Thomas J. Miller, Attorney General, and William A. Hill, Assistant Attorney
General, for appellee.
Considered by Vogel, P.J., Mullins, J., and Mahan, S.J.*
*Senior judge assigned by order pursuant to Iowa Code section 602.9206 (2013).
2
MAHAN, S.J.
Robert Pate appeals the denial of his request for credit for presentence
time served on his fifty-year sentence for possession of a controlled substance
with intent to deliver as a second or subsequent offender. Pate was arrested in
2007 after a large amount of crack cocaine was found in his possession. The
State dismissed the charges without prejudice on November 13, 2007, when the
federal government indicted Pate on one count of possession with intent to
distribute at least fifty grams of crack cocaine. After the federal prosecution was
dismissed in 2009, the State re-filed complaints identical to those filed in 2007.

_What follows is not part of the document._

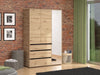 Lunetta Artisan Oak 3 - Door 3 - Drawer Mirrored Wardrobe - Luminex FurnitureWardrobe3473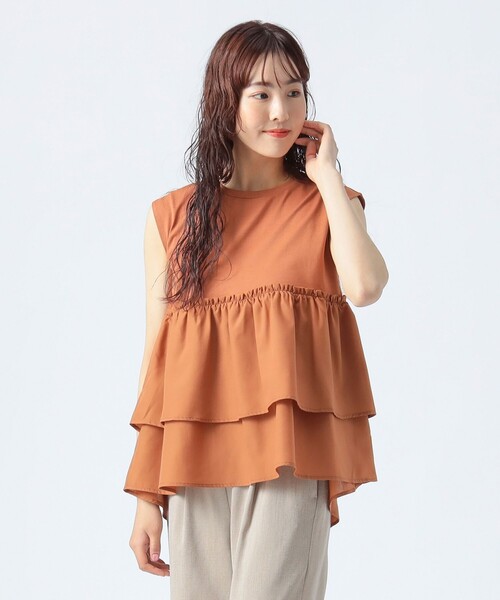 BEAMS HEART(ビームスハート)の「コンビティアード プルオーバー(Tシャツ/カットソー・レディース・ブラック/オフホワイト/ブラウン/ダークブラウン/オレンジ・FREE)」の1枚目の写真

Following his conviction and sentence, Pate filed a request for credit for
time served from the time of his 2007 arrest until sentencing, which the district
court denied. On appeal, Pate contends he is entitled to credit for time served
before sentencing under Iowa Code section 903A.5 (2011), which states:
If an inmate was confined to a county jail, municipal holding facility,
or other correctional or mental facility at any time prior to
sentencing, or after sentencing but prior to the case having been
decided on appeal, because of failure to furnish bail or because of
being charged with a nonbailable offense, the inmate shall be given
credit for the days already served upon the term of the sentence.
Pate argues he is entitled to credit for the entire time he remained incarcerated in
a jail facility or correctional facility during “successive prosecution for the same
offense” by different governmental units.
We conclude Pate is not entitled to credit for time served prior to
sentencing. Even assuming, without deciding, that Pate could receive a credit for
time served while the State and federal government pursued charges against him
that were later dismissed, Pate does not meet the criteria for credit set forth in
3
section 903A.5 because upon his arrest in 2007, Pate’s parole on a twenty-five
year, suspended sentence for an unrelated charge was revoked. During the time
Pate faced prosecution on all state and federal charges filed against him, he was
serving this sentence. As such, Pate was not confined to a jail or correctional
facility because of failure to furnish bail or being charged with a nonbailable
offense. See State v. Johnson, 167 N.W.2d 696, 701 (Iowa 1969) (holding a
defendant who was incarcerated on an unrelated conviction while facing new
charges was not confined because of failure to furnish bail or because of being
charged with a nonbailable offense but “because of another conviction”); see also
State v. Orte, 540 N.W.2d 435, 438 (Iowa 1995) (holding a defendant convicted
of homicide by vehicle was not entitled to credit for presentence time spent in jail
when defendant bonded himself out on homicide-by-vehicle charge and served
jail time on an unrelated drug conviction because of a probation violation).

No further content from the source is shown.